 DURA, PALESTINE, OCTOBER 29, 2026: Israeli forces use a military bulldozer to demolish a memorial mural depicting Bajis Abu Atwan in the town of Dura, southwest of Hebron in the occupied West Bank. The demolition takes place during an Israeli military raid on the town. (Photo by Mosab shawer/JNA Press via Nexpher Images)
---
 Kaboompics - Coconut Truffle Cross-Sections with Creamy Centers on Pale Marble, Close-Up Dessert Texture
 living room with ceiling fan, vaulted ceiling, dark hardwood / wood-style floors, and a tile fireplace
--
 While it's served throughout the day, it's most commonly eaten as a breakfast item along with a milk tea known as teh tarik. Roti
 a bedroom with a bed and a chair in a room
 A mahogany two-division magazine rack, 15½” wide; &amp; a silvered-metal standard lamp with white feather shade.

WORK ORDER: Where the line holding "While it's served" appears in the listing above, start reproducing exactly, and end with the line holding "A mahogany two-division".

FINISHED EXERCISE:
 While it's served throughout the day, it's most commonly eaten as a breakfast item along with a milk tea known as teh tarik. Roti
 a bedroom with a bed and a chair in a room
 A mahogany two-division magazine rack, 15½” wide; &amp; a silvered-metal standard lamp with white feather shade.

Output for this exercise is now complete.